Nuclei Knockdown

About RHIC

It's gold! It's smashing!

At RHIC--the Relativistic Heavy Ion Collider, located at the Brookhaven National Laboratory in New York--gold nuclei traveling at nearly the speed of light smash into each other, destroying themselves and producing a spray of other particles. The nuclei speed in opposite directions around a circular "racetrack" with a diameter of about two and a half miles and collide head-on. At these tremendous speeds, a direct hit produces so much energy that the protons and neutrons making up the nuclei may themselves disassociate, forming a soup of sub-nuclear particles termed the "quark-gluon plasma." This plasma is so hot that its temperature is about ten thousand times hotter than the center of the sun.
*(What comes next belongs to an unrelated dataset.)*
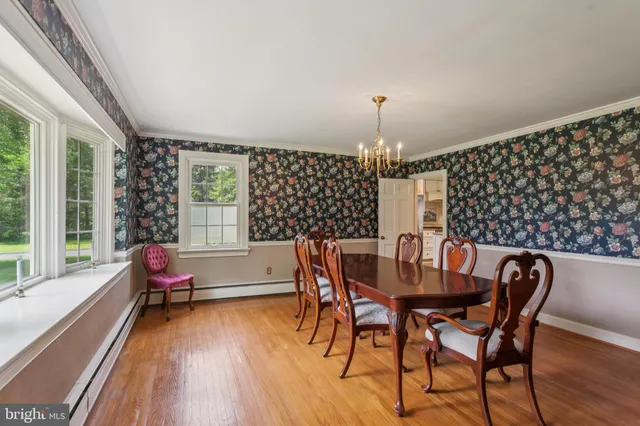 a dining room with furniture a chandelier and wooden floor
Computer simulation of a collision between two gold nuclei (image courtesy of Brookhaven National Laboratory)
Computer simulation of a collision between two gold nuclei (image courtesy of Brookhaven National Laboratory)
Curving tube of the RHIC. Most of the volume of the tube is occupied with magnets and liquid helium refrigeration. (photo courtesy of Brookhaven National Laboratory)
Curving tube of the RHIC. Most of the volume of the tube is occupied with magnets and liquid helium refrigeration. (photo courtesy of Brookhaven National Laboratory)
Quarks and Gluons

Quarks are the particles that make up protons and neutrons. Quarks are so tightly bound to each other that they cannot be observed as separate particles. Physicists can, however, infer the existence of quarks from the characteristics of other particles produced in nuclear collisions at high energy. The force between quarks is provided by particles called gluons.

Why Gold?

A gold atom has a massive nucleus. It has an atomic weight of about 108, which means that the average gold nucleus has a total of 108 protons and neutrons. Smashing such massive nuclei into each other produces collisions with high energies, perhaps enough to create a plasma of quarks and gluons.

Yin and Yang

The universe is about 12 billion light years across. An atomic nucleus is about one 10000000000000th of a centimeter across. Despite this incredible difference in size, the physics of the universe is closely related to the physics of the nucleus. Shortly after the Big Bang , the universe was an extremely hot soup of protons and neutrons. Before that, at even higher temperatures, not even the nuclei could exist, and the universe consisted of quarks, gluons, and radiation. Physicists hope to create this state of matter in the RHIC collider.

Research

Along RHIC's 2.4-mile ring there are four separate experimental detectors housed where the two particle beams intersect. One of these detectors-the Solenoidal Tracker at RHIC, or STAR-is specially designed to track the particles created in each ion collision. This powerful tracking system simultaneously measures various properties of these particles allowing researchers to reconstruct the ion collisions and look for signs of the quark-gluon plasma, or QGP. (The QGP is too short-lived to be detected directly). From these data, scientists hope to gain a fundamental understanding of the microscopic structure of quark-gluon interactions.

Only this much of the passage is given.